Overshoes (over shoes) are simply covers that you put on over your cycling
shoes to protect the shoes, and, more importantly, your feet from the elements. The type of overshoe available
is almost as varied as the weather, from thermal to waterproof, lightweight summer overshoes for aerodynamics.
Overshoes come in a variety of different materials and it is worth having a couple of different options in your
weather protection arsenal. Our buying guide is designed to help you figure out the best type of overshoe for your
riding style. The first choice you’ll want to make relates to whether you are buying them for road or mountain biking.

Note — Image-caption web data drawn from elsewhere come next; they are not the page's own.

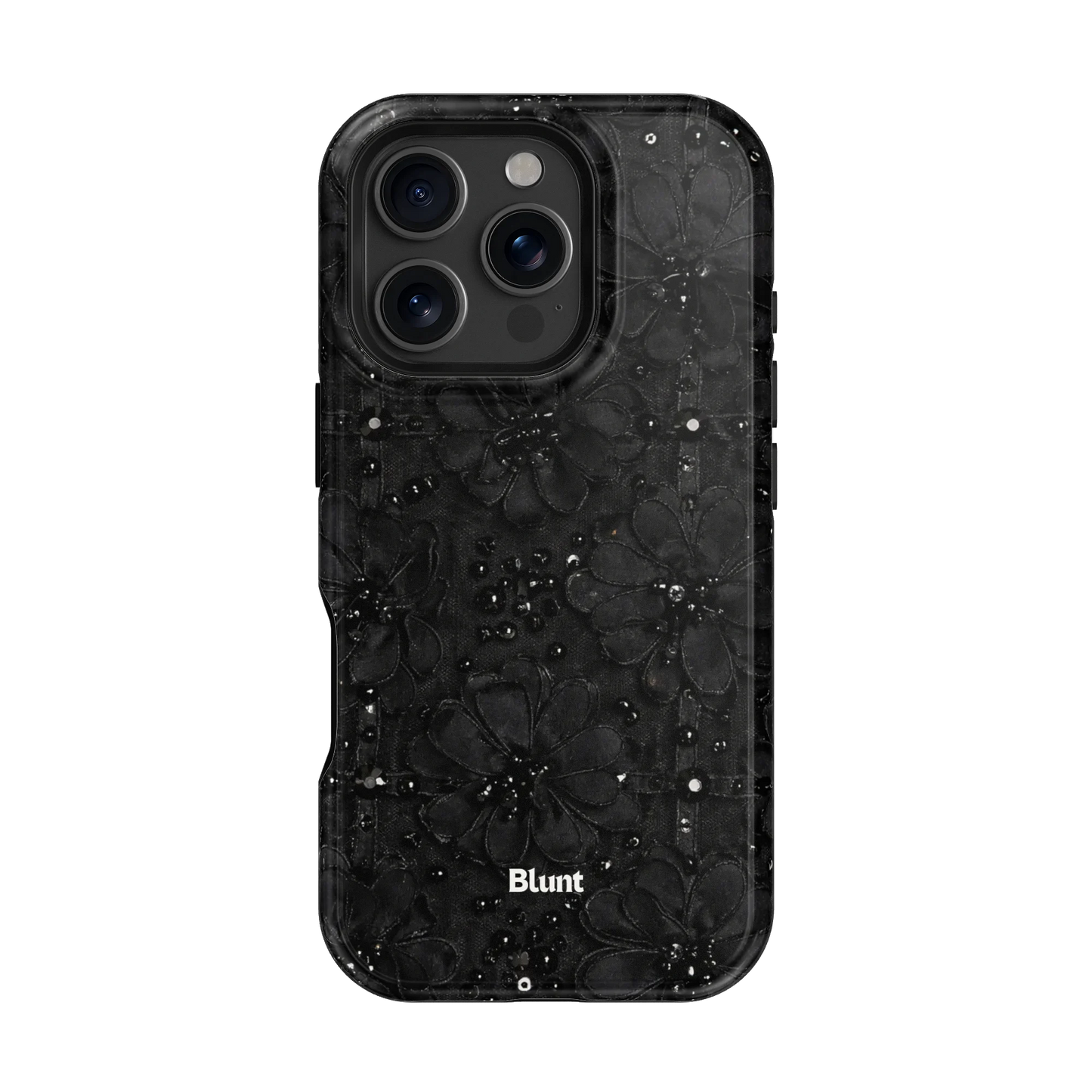 Noir Bloom iPhone Case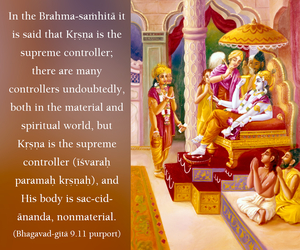 Purport to Bhagavad Gita 9.11 image - thumbnail size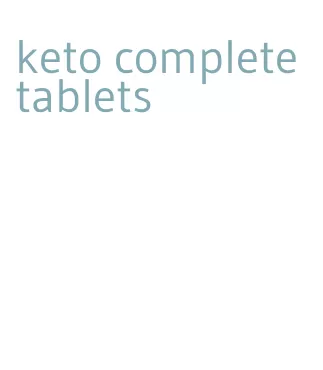 keto complete tablets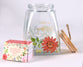 Gratitude Jar With Cards: Today I Am Grateful For, Glass With Bamboo Lid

What are the differences between road bike overshoes and mountain bike overshoes?
The key differences between overshoes for road biking
and overshoes for mountain biking, are the shapes of the cut outs for your cleat to fit through and also the
ruggedness of the sole as you would expect to be walking a bit more in a mountain bike shoe.
Overshoes for Road Bike Riders
Which overshoe is best for road bikes?
When it comes to choosing road overshoes the first question is what you want protection from. In
winter something thermal and waterproof is necessary. Neoprene is a popular choice such as those from Sealskinz, but there are also thinner
over shoes that can work well. In a deluge barely anything will keep your feet completely dry but a good overshoe
should keep you warm, even if you are wet.
For road racing, you might want to look into getting overshoes that are designed for both warmth and speed.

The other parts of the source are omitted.